[Stored data entries]
<<<<

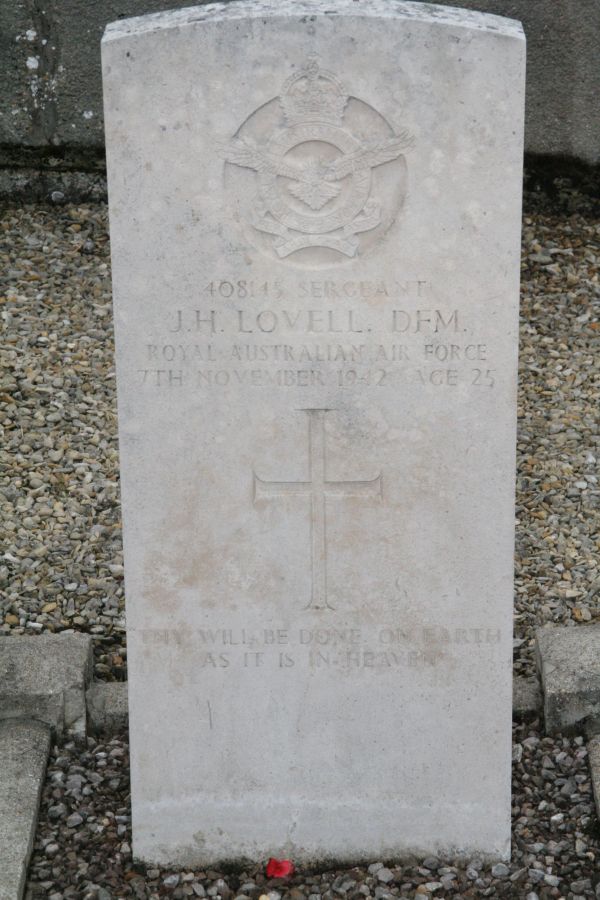 The 207 Sqdn left from Langar at 1942-11-07 at 18:01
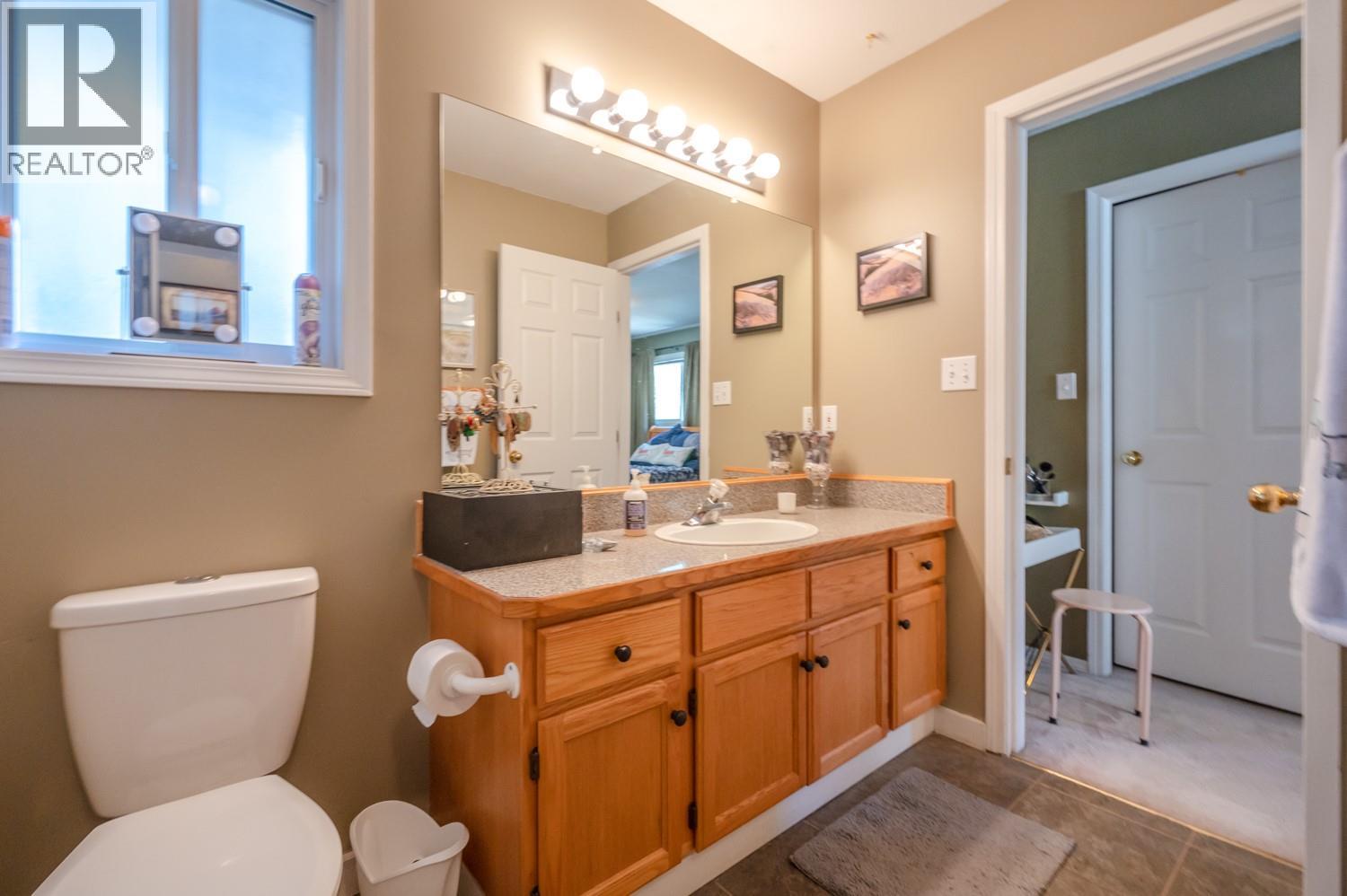 335 Sudbury Avenue, Penticton, British Columbia  V2A 8M7 - Photo 8 - 10375244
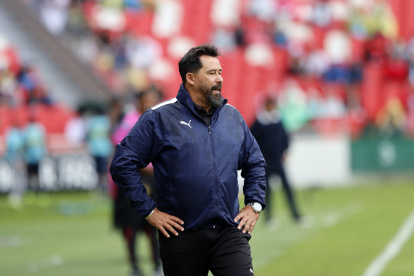 El técnico Pablo Vitamina Sánchez volvió a ser señalado por los hinchas de Liga de Quito.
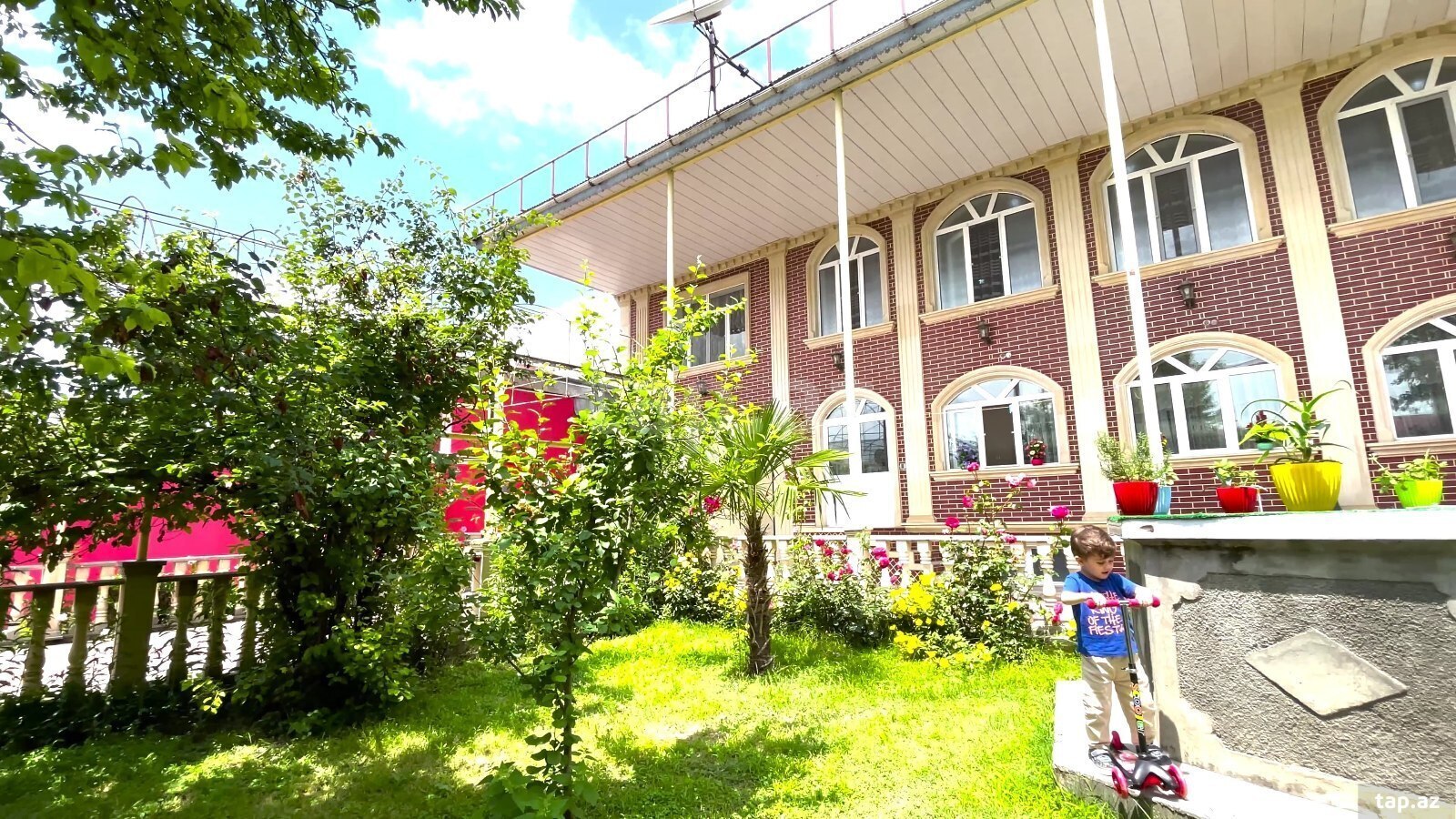 Həyət evi kirayə verilir, Şəki ş. (3)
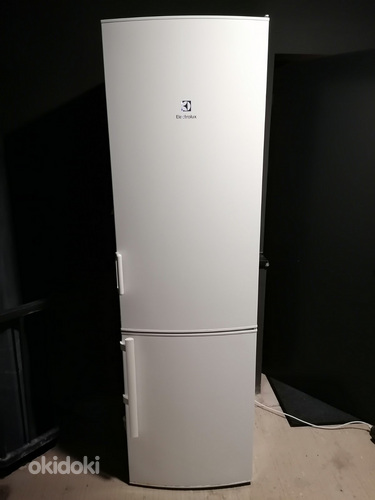 Müüa heas korras Electroluxi 185 cm külmkapp.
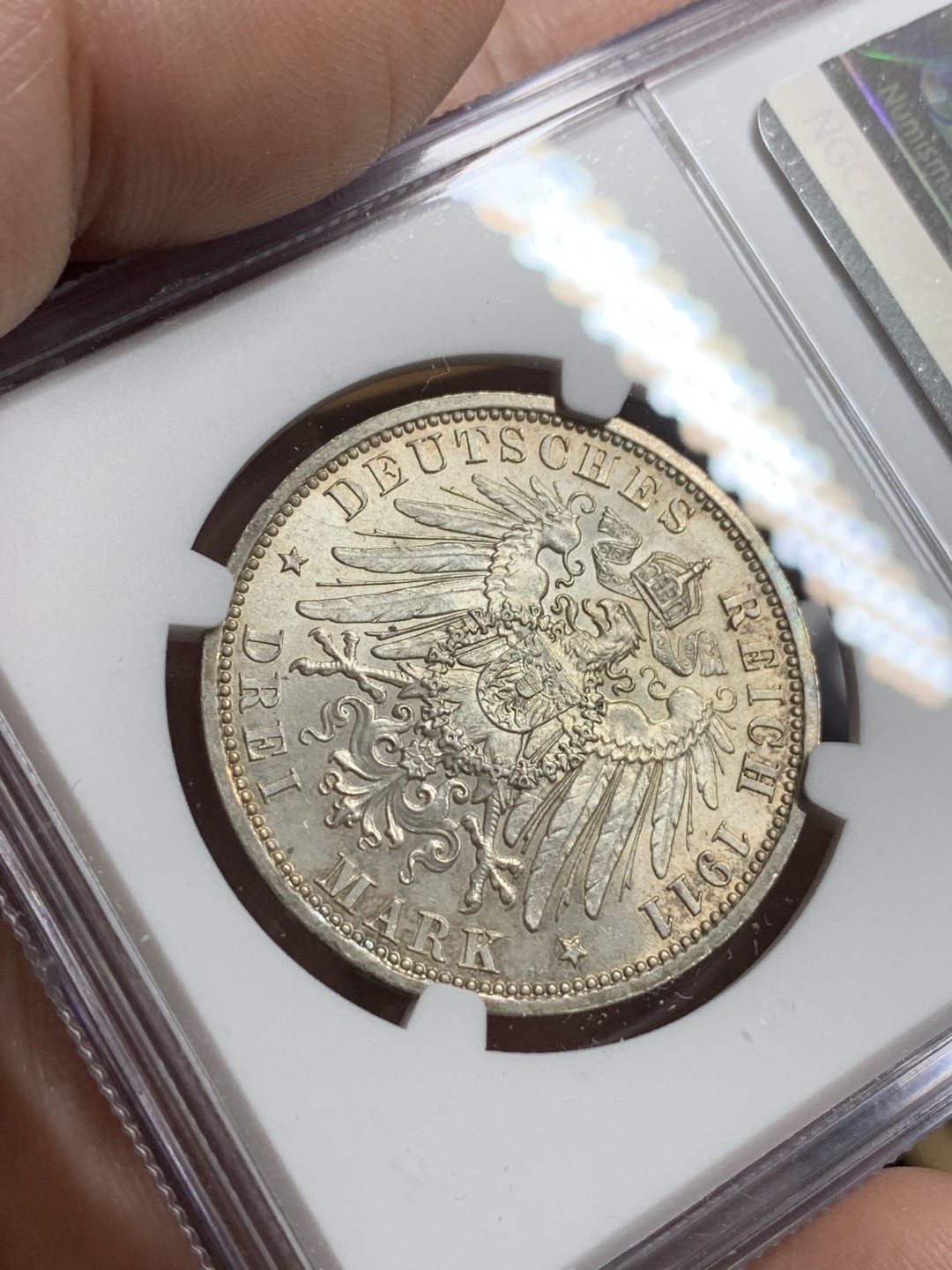 《竞宝斋》第115场-周日，周一 ，2场连拍（全场包邮） NGC-MS63 德国普鲁士 1911年 威廉二世 3马克银币 五彩包浆 非常漂亮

>>>>

All the records need to be set down word for word, with the images left out.

▶ **Answer below**:
 The 207 Sqdn left from Langar at 1942-11-07 at 18:01
 335 Sudbury Avenue, Penticton, British Columbia  V2A 8M7 - Photo 8 - 10375244
 El técnico Pablo Vitamina Sánchez volvió a ser señalado por los hinchas de Liga de Quito.
 Həyət evi kirayə verilir, Şəki ş. (3)
 Müüa heas korras Electroluxi 185 cm külmkapp.
 《竞宝斋》第115场-周日，周一 ，2场连拍（全场包邮） NGC-MS63 德国普鲁士 1911年 威廉二世 3马克银币 五彩包浆 非常漂亮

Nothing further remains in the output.